The way workers coped with low pay, long hours, and no unionizing capabilities to address those grievances?… alcohol.
Especially prior to the 20th century, huge percentages of the mining population in Chile were alcoholics. While that number has definitely decreased dramatically in recent years, it’s still a problem, and has made heavy drinking culturally acceptable.
I experienced this in many ways while living in Chile. For example, my host mom was always surprised if I didn’t go out and drink on a weekend. It was the expectation that I go out to bars and drink two or three nights a week, and if I hadn’t left the house by a particular time, she would often ask why I wasn’t going out. Especially after growing up in a household where I could talk about alcohol consumption, but was never actively encouraged to drink, this was a very strange thing to experience.
I also found that the people I would drink with had very very high tolerances. Nearly every Chilean I drank with, whether male or female, could drink more than me.
It was, put simply, a very interesting experience for me.
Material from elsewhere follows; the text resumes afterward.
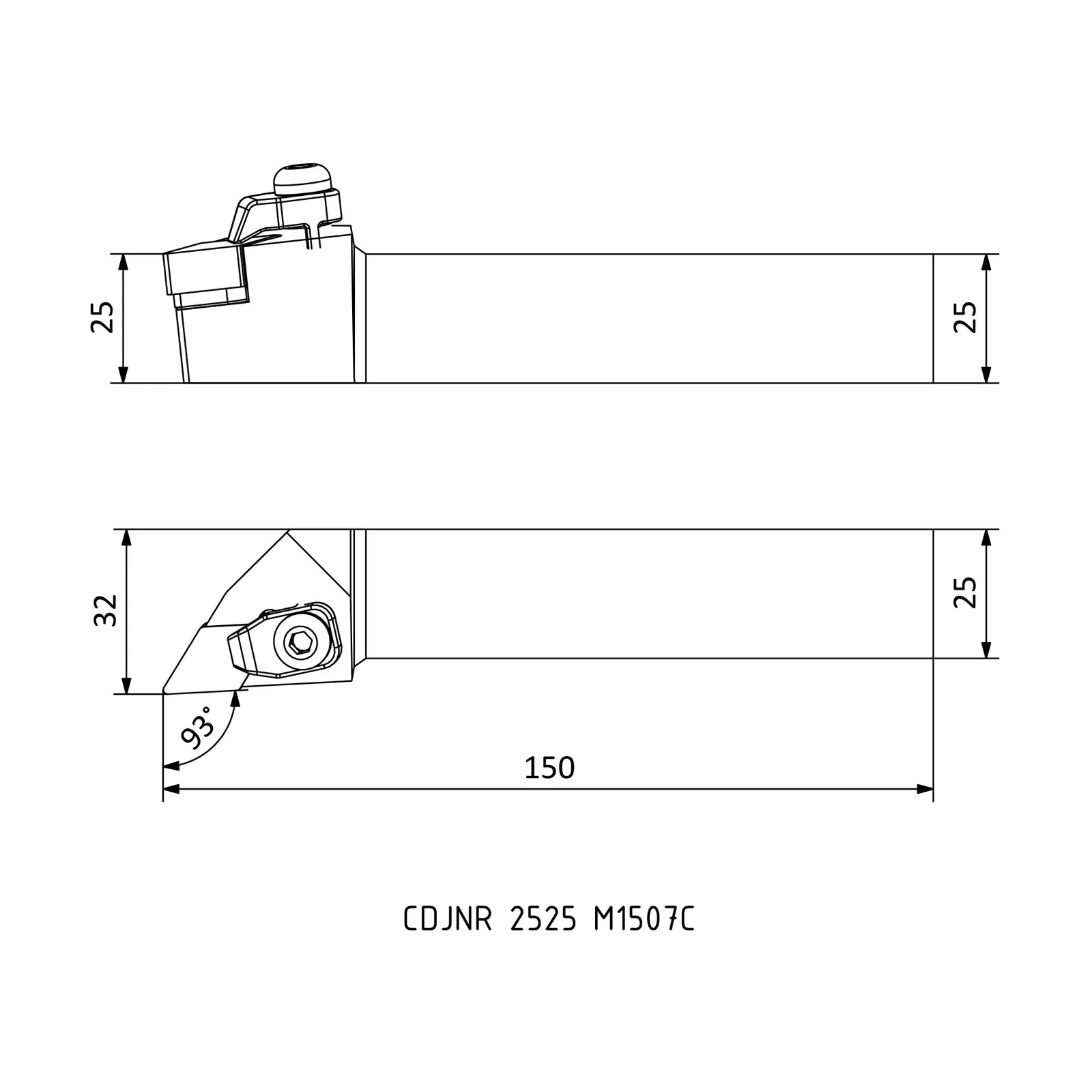 CDJNR 2525 M1507C &mdash; dimensioned drawing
I’m in college, so I would say drinking culture is a pretty significant part of the world I live in. However, it doesn’t compare to what I experienced in Chile. It was just so pervasive, and permeated every facet of life.
I’m not sure if I have a concrete opinion on whether I think it made my time there better or worse, or if it reflects positively or negatively on Chile as a whole. That being said, it is definitely something I thought about a lot while living there, and continue to consider.